Nous l’avions écrit dans Blick et nous avions bien raison. La neutralité de la Suisse s’est retrouvée assiégée lors de la Conférence annuelle sur la sécurité de Munich, à laquelle participaient les Conseillers fédéraux Ignazio Cassis et Viola Amherd. La preuve? L’éditorial accusateur publié samedi 18 février, alors que ce grand rendez-vous militaire et diplomatique européen battait son plein, par le très influent quotidien français «Le Monde».

Les mots crépitent comme des salves

Pour celui-ci, «la position de Berne, qui refuse d’autoriser d’autres pays européens à livrer à l’Ukraine du matériel et des munitions fabriqués en Suisse, n’est plus tenable». Les mots crépitent comme des salves. Difficile, dans ce contexte, de faire entendre le message que le chef du Département fédéral des Affaires étrangères nous a répété sur place: «J’ai eu des contacts ici qui démontrent que l’on comprend la neutralité suisse. Mais je dois à chaque fois rappeler à mes interlocuteurs la situation dans laquelle nous sommes. La question des munitions est en ce moment même débattue jour et nuit au Parlement suisse. Dans ces conditions, le Conseil fédéral n’a pas d’espace de manœuvre. C’est au parlement que cela se joue.»
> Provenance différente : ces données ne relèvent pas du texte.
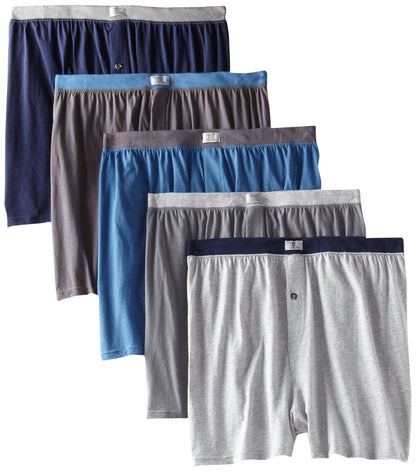Fruit of the Loom Men's Exposed Waistband Knit Boxer (5 Pack), Assorted, X-Large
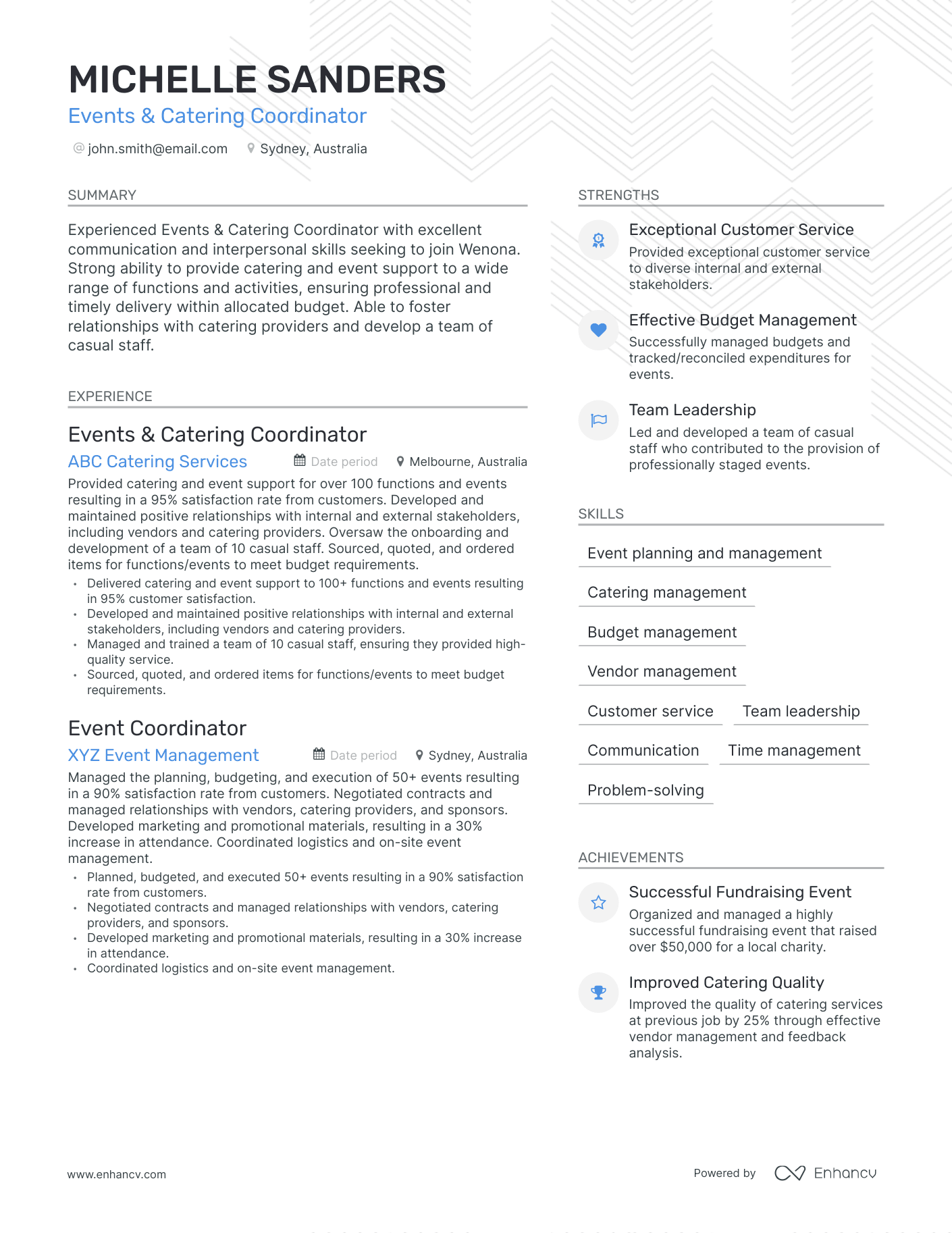 Modern Catering Resume Template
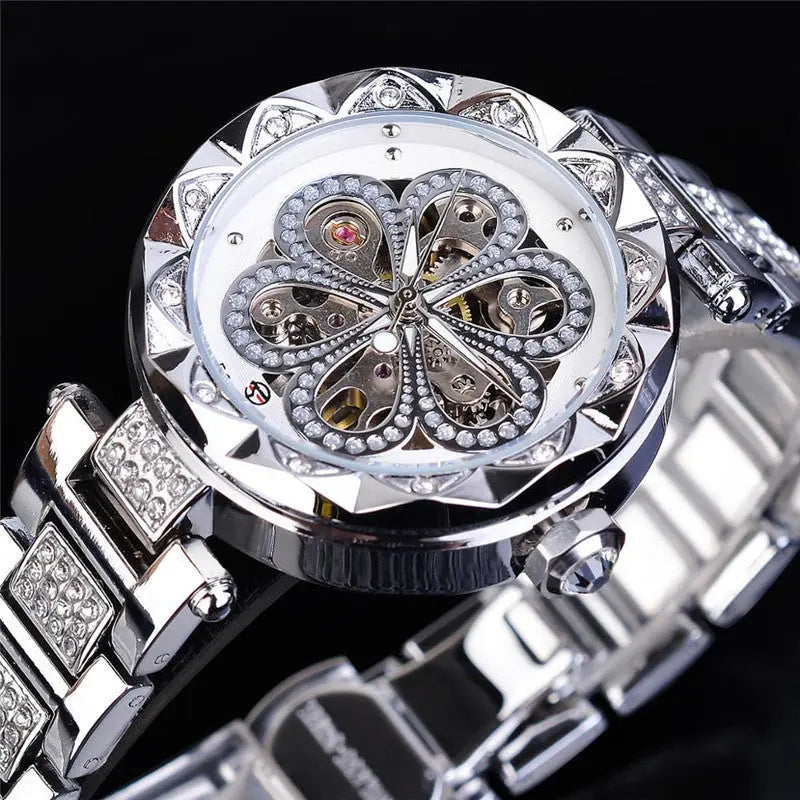 Forsining Mechanical Automatic Ladies Watches Top Brand Luxury Rhinestone Female Wrist Watches Rose Gold Stainless Steel Clock - WAlMYe #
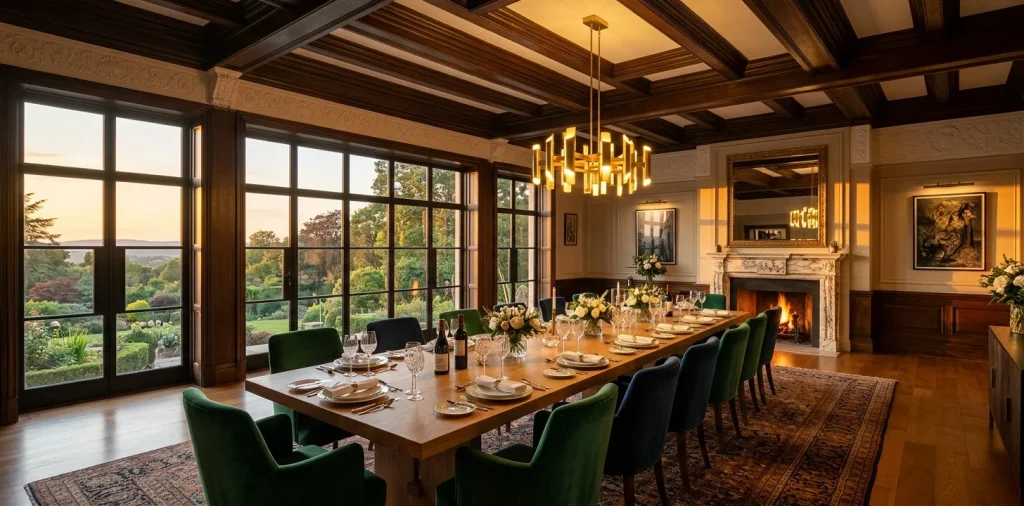 Luxurious dining room featuring a dark wood coffered ceiling and glowing modern chandelier over an oak table.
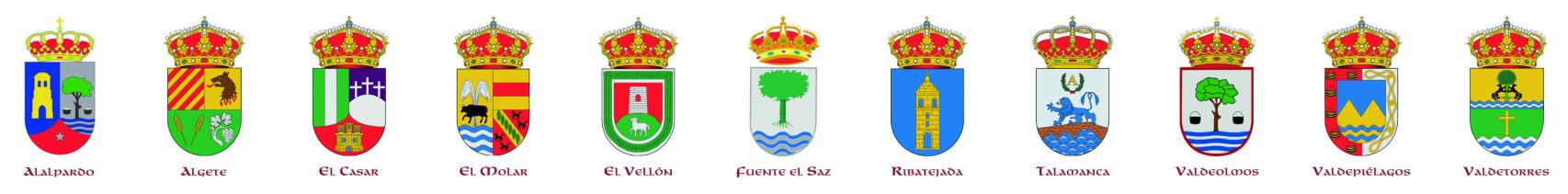 Escudos de los municipios pertenecientes al Fuero de Talamanca.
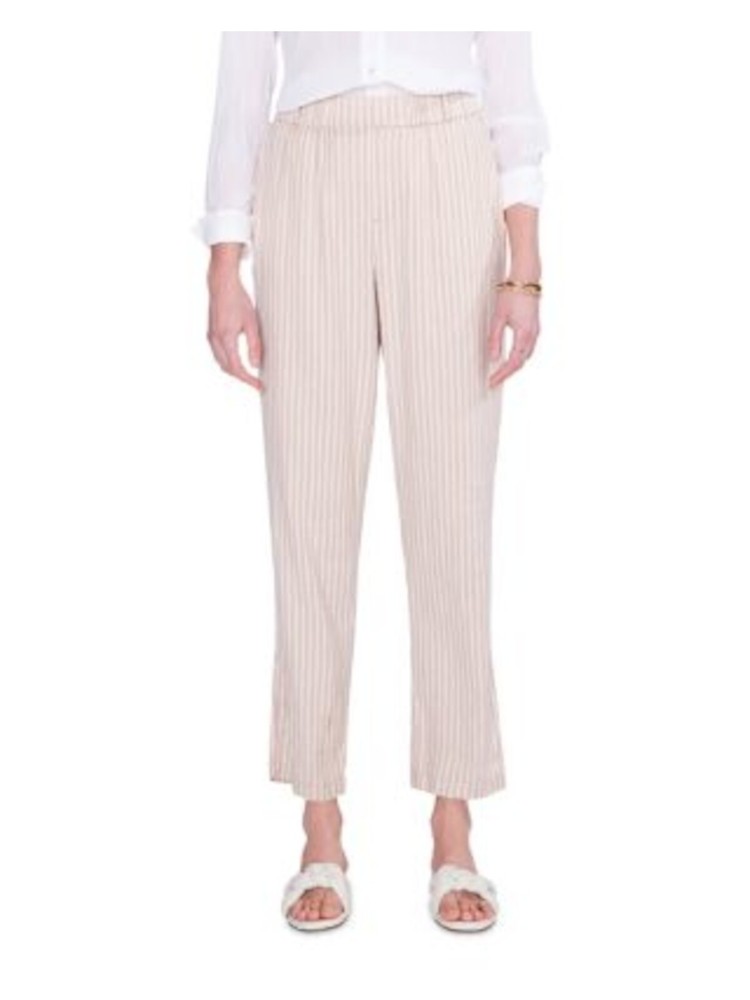 NIC+ZOE Womens Beige Pocketed Faux Fly Elastic Waist Ankle Straight leg Pants 2
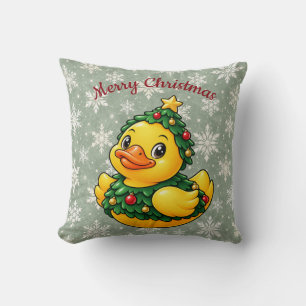 Cojín Decorativo Pato de goma de árbol de Navidad acogedor decoraci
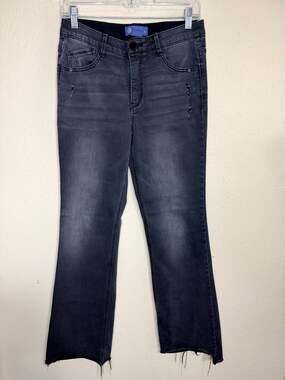 Democracy Women's Size 8 Absolution Black Raw Hem Bootcut Flattering Denim Jeans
L’attaque du «Monde» n’est pas surprenante. À Munich, les discrètes explications d’Ignazio Cassis – qui n’a pas été convié par les organisateurs à s’exprimer dans l’une des grandes séances plénières – semblent être tombées dans l’oreille d'un sourd. «La guerre russe en Ukraine a ébranlé les fondations de nombreux pays européens en matière de politique étrangère, écrit «Le Monde». La Suisse ne pouvait pas échapper à cette pression, même si ses traditions historiques et sa position géographique lui ont permis un temps de l’espérer».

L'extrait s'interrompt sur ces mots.